Friday, March 30, 2007

At Least I'm Not Bored

Hello to all! Sorry I haven't updated the site in several weeks but they've been keeping me pretty busy. I just returned from a two week training exercise in Virginia and spent the weeks before the exercise preparing for the event. We have had some very long days and very short nights, especially over the last 4-5 days. I can't complain because the days go by quickly! I can't believe it has been over a month since I re-entered full time military life.

Please check back soon as I hope to post several updates in the coming days/week when I will be on a slightly lighter schedule. Here's a preview of the posts I'm working on and their current titles:

1. Not Your Father's (or Mother's) Army: a good news story about how my unit is being equipped to go to war.

2. Semper Gumby: change and "flexibility" are always with us.

3. It Takes All Kinds: a look at some of the great folks I work with.

Thursday, March 8, 2007

The Road to Mobilization

Just how in the world did I end up getting mobilized for Iraq?

As you may have seen in the "About Me" blurb, I've spent nearly 18 years in uniform since being commissioned in 1989. I've had the dubious distinction of having spent time in nearly every "component" of the Army: Regular Army, Individual Ready Reserve, Individual Mobilization Augmentee, National Guard and now Army Reserve. Until now, I've never been asked to serve in a wartime assignment. Operations Just Cause (Panama) and Desert Shield/Desert Storm (Gulf War 1) happened while I was young lieutenant in the active Army, stationed at a small base in western Maryland. As fate would have it, our unit's stateside mission (guarding the underground backup to the Pentagon) was considered too important to allow any of us to volunteer or be transferred to those operations.

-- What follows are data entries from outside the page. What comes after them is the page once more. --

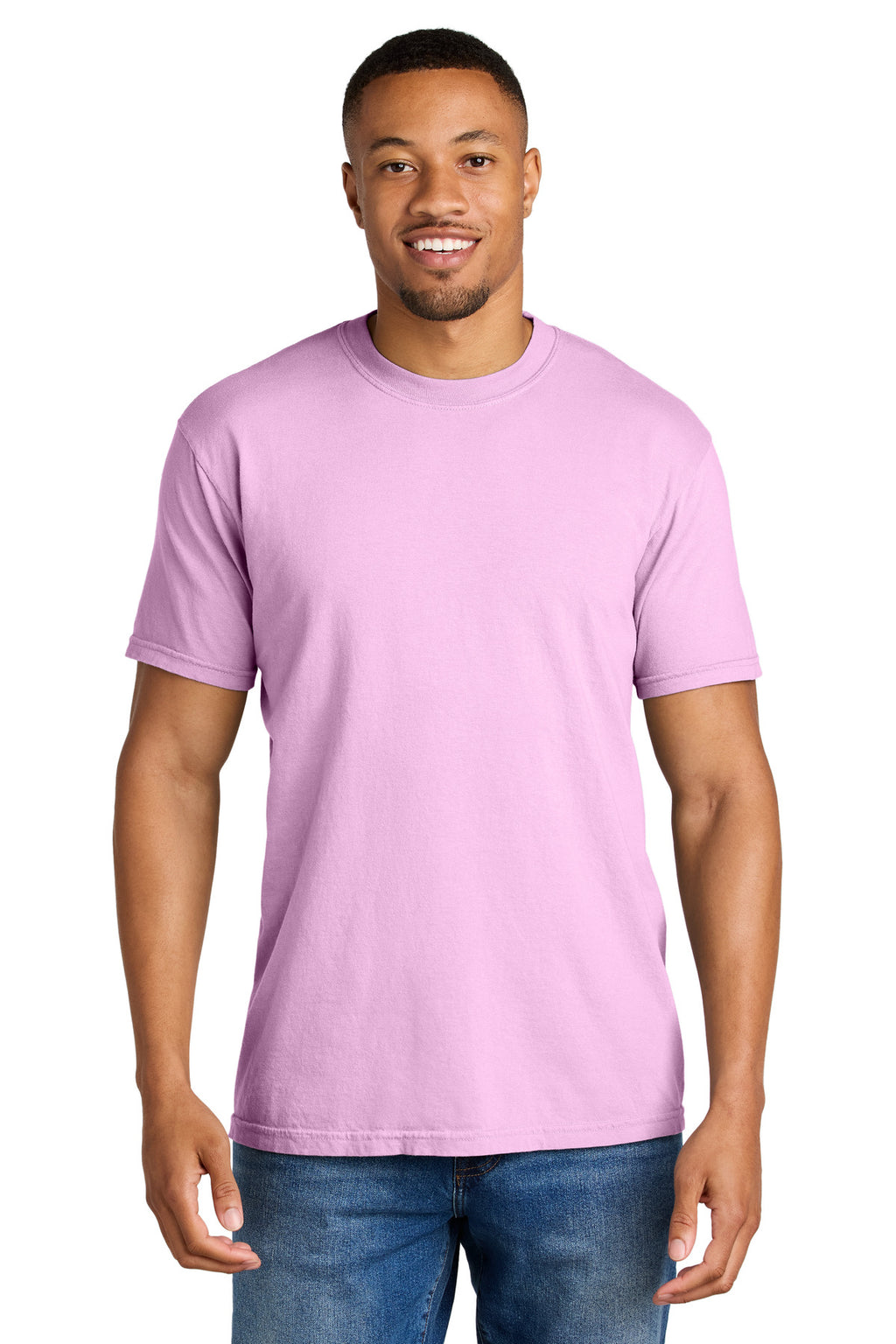 Front View of RoseQuartz COMFORT COLORS Heavyweight Ring Spun Tee. 1717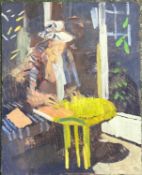 Derek Inwood (1925-2012). oil on foam board, Portrait of Gillian, unframed, 20" x 16"
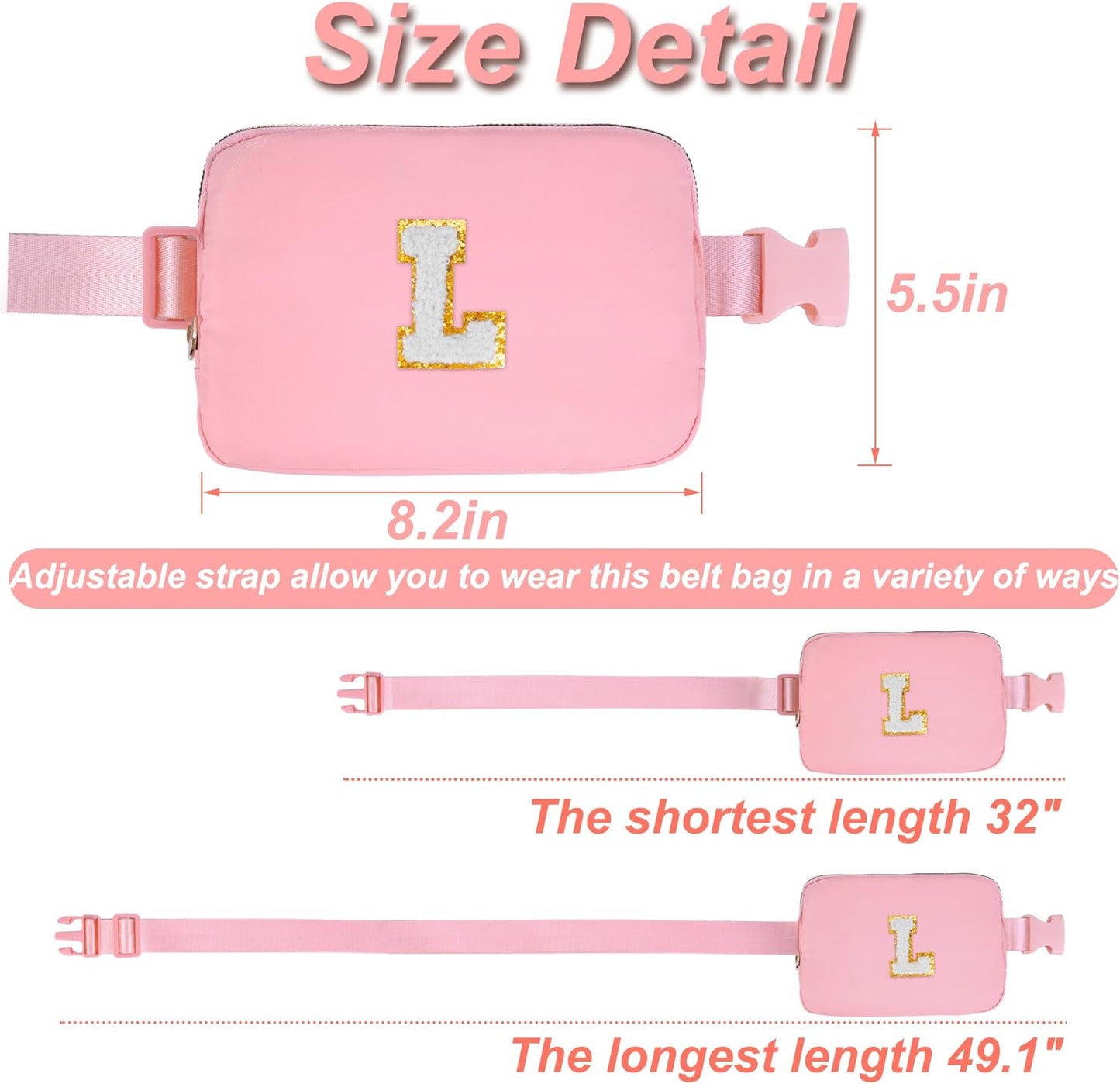 Belt Bag Crossbody Bags for Girls Women - Gifts for 8 9 10 11 12 13 Year Old Girl - Teen Birthday Gifts - Small Waist Packs Trendy Kids Fanny Pack - Initial White L,Pink Bag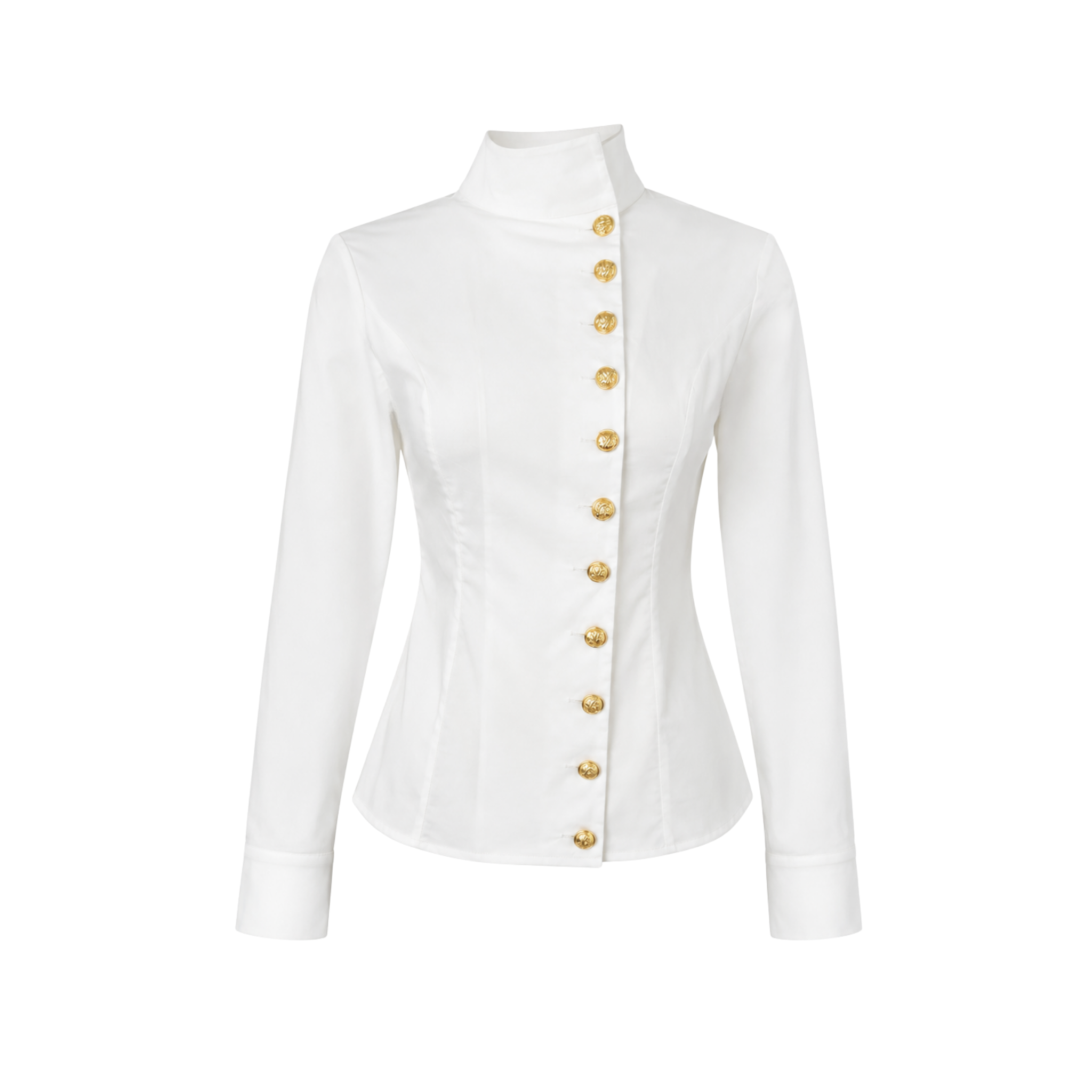 GOLD BUTTONS SLIM FIT COTTON SHIRT WHITE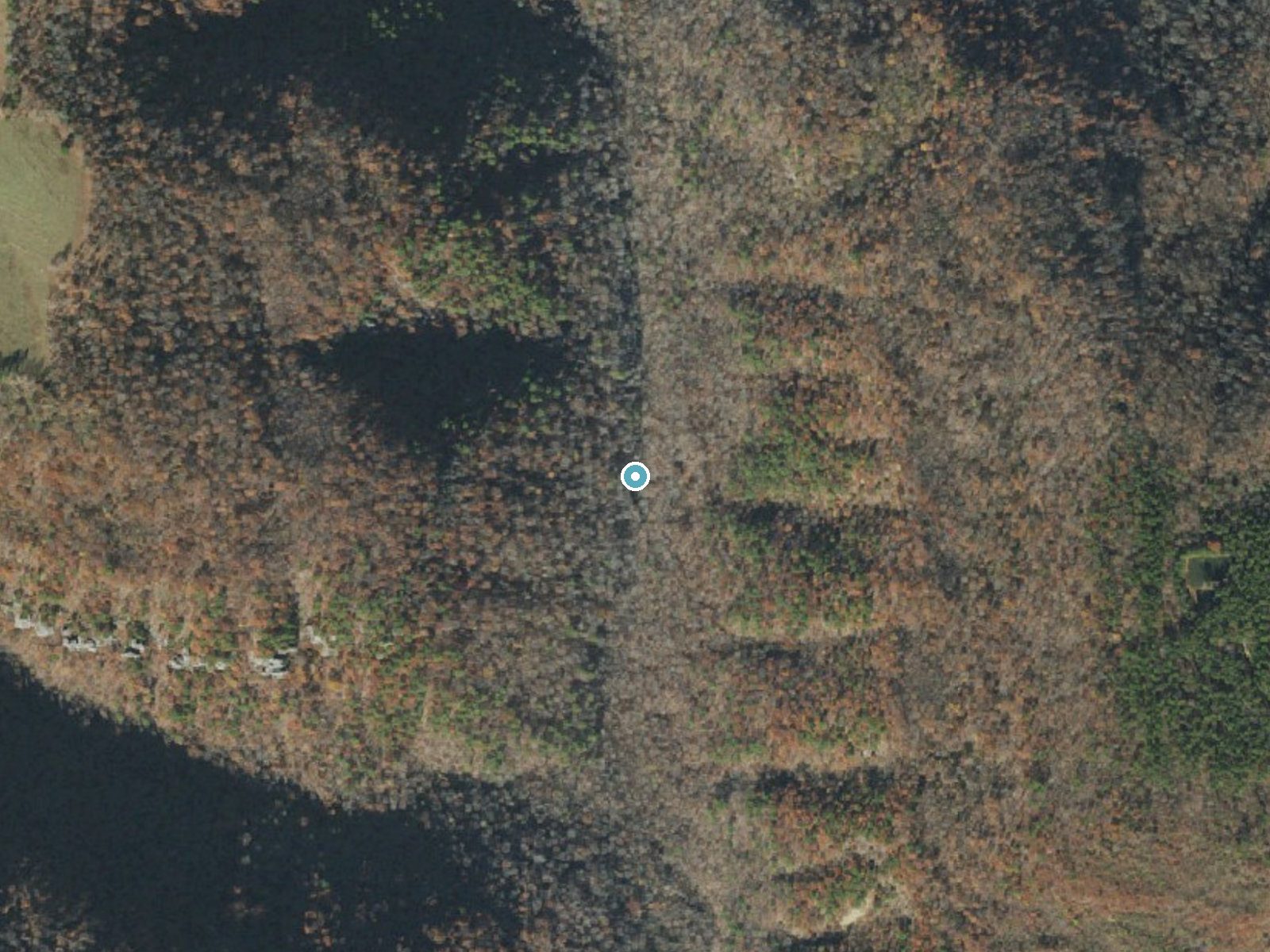 Aerial photo of the same ground around Spainhour Falls near Oark, Arkansas, for comparison with the lidar view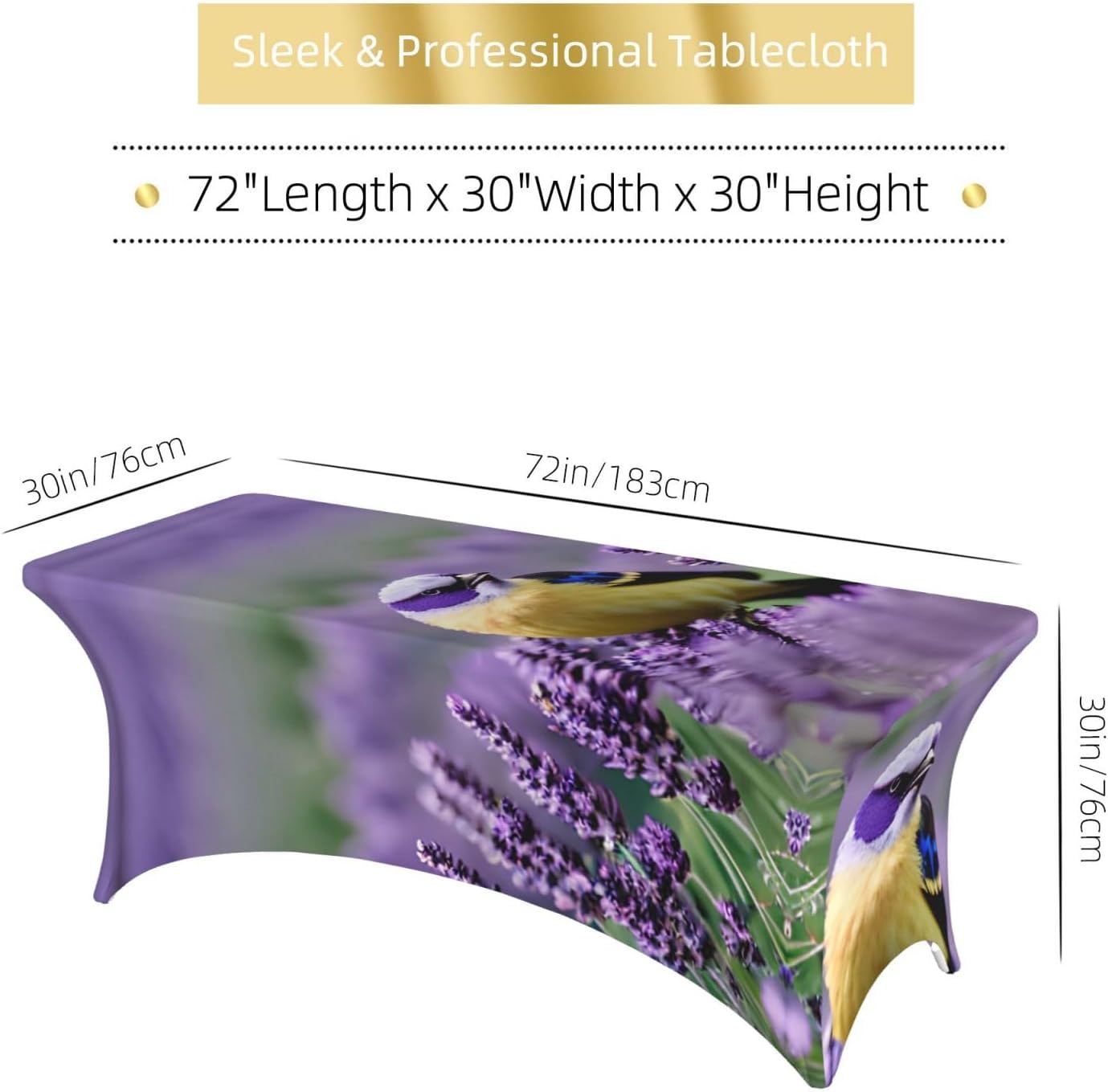 Bird in Purple Lavender Floral Flowers Print Table Cover Rectangular Tablecloth for 6-Foot Tables for Wedding Banquets Outdoor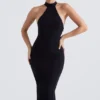 Juniper svart peplum-midikjole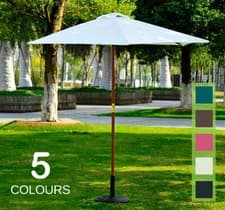 Image of 2.5m Wood Wooden Garden Parasol Sun Shade Patio Outdoor Umbrella Canopy New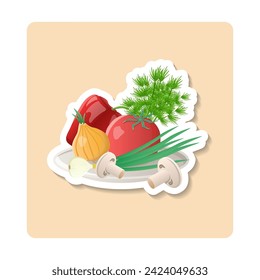 Vegetables sticker illustration. Onion, green, tomato, pepper, mushrooms. Editable vector graphic design.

Most of my years in the Reserve and National Guard were quiet. I enjoyed the usual "one weekend a month, two weeks in the summer" and even had the opportunity for overseas missions in Panama and Germany. By August 2001, I was assigned to a small organization that served as technical advisors to the Federal Emergency Management Agency (FEMA). Our job was to assist FEMA in the use of the military during disasters as well as help train active Army units in the art of supporting civilian authorities during a domestic emergency.

My world began to change dramatically on September 11, 2001. By late that day, I had already been alerted to report to my FEMA assignment immediately. I spent the next few days supporting the response to the Pentagon attack until being released from active duty. Our small unit's mission took on a whole new importance and I found myself spending the next few years spending a lot more time than just one weekend a month performing my Reserve duties. In 2003, the Army Reserve began looking for soldiers to fill understaffed units, a process called "cross-leveling." Because of our homeland security duties, our team was specifically exempt from being cross-leveled into other units. Meanwhile, a number of my friends and military colleagues were soon serving in Iraq or Afghanistan and I wondered when and if I would be asked to join them.

In early late 2005, I learned that members of our team (and others like it) were now eligible to be placed in other units. This came as no surprise to me since large numbers of Guard and Reserve soldiers had been mobilized and it was obvious that more would be needed to sustain a protracted campaign. I knew it would only be a matter of time until I was called.

In September 2006, I was notified that I was being involuntarily transferred into a new unit that was being formed to manage high-level logistics. At that moment, I knew that the chances that I would be mobilized were increasing with each passing week. Toward the end of the year, my suspicions were confirmed and I was told that I would be called to active duty in April 2007.

The news was not a shock and I was rather grateful to have been given so much advance notice. As time went on, I began to learn more about my job and became better acquainted with my new colleagues. In early February, I was told that my mobilization date had been accelerated and that I was to report for active duty on March 1. That was earlier than I had expected, but I still felt that a month was plenty of time to get ready. After a few last days of chasing around, I packed up the car and headed off to join my unit at its home base in Pennsylvania.

I'm proud to be able to serve my country, just as I was proud to serve after the September 11 attacks, Hurricane Isabel, the 2004 hurricanes in the Southeastern US and Hurricane Katrina. I'm not looking forward to being away from loved ones and my civilian job for 16 months but that's a sacrifice that comes with being in the Reserves.